• Action item: Print the listing below verbatim, passing over each picture.

• Available data:
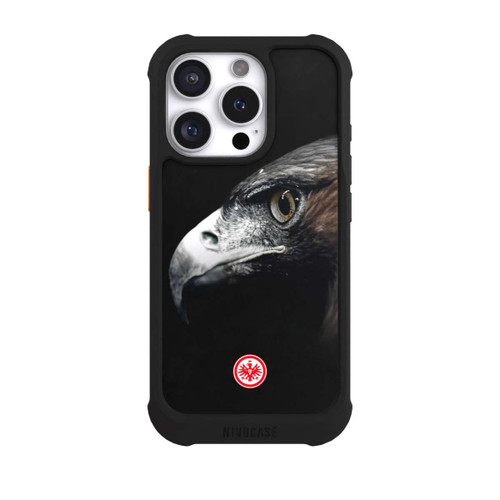 Apple iPhone 16 Pro NIVOmax Eintracht Attila Schwarz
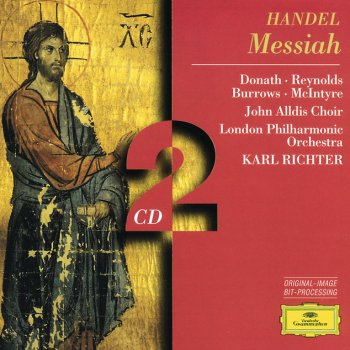George Frideric Handel, John Alldis Choir, London Philharmonic Orchestra & Karl Richter Messiah / Part 2 HWV 56: 42. Chorus: "Hallelujah"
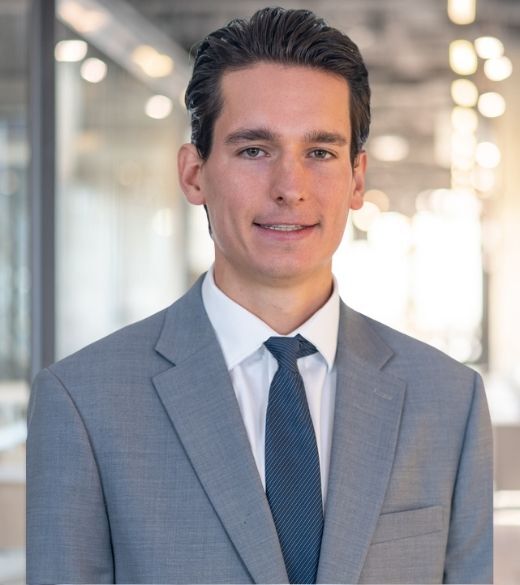 Abrahm Hill, McDonald Hopkins LLC Photo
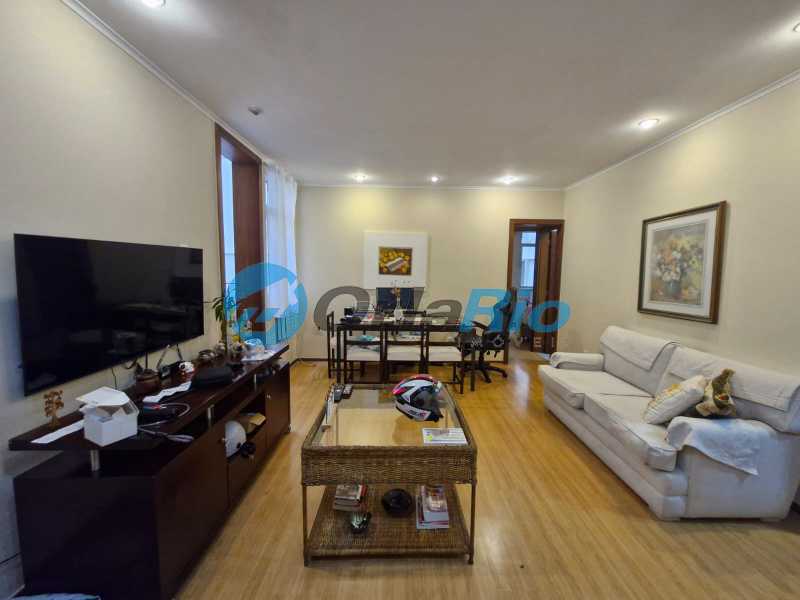 Conheça 6-sala do imóvel - Apartamento à venda Rua Gustavo Sampaio, Leme, Rio de Janeiro - R$ 800.000 - OLAP20670 - 6 6-sala - 6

• Worked solution:
 Apple iPhone 16 Pro NIVOmax Eintracht Attila Schwarz
George Frideric Handel, John Alldis Choir, London Philharmonic Orchestra & Karl Richter Messiah / Part 2 HWV 56: 42. Chorus: "Hallelujah"
 Abrahm Hill, McDonald Hopkins LLC Photo
 Conheça 6-sala do imóvel - Apartamento à venda Rua Gustavo Sampaio, Leme, Rio de Janeiro - R$ 800.000 - OLAP20670 - 6 6-sala - 6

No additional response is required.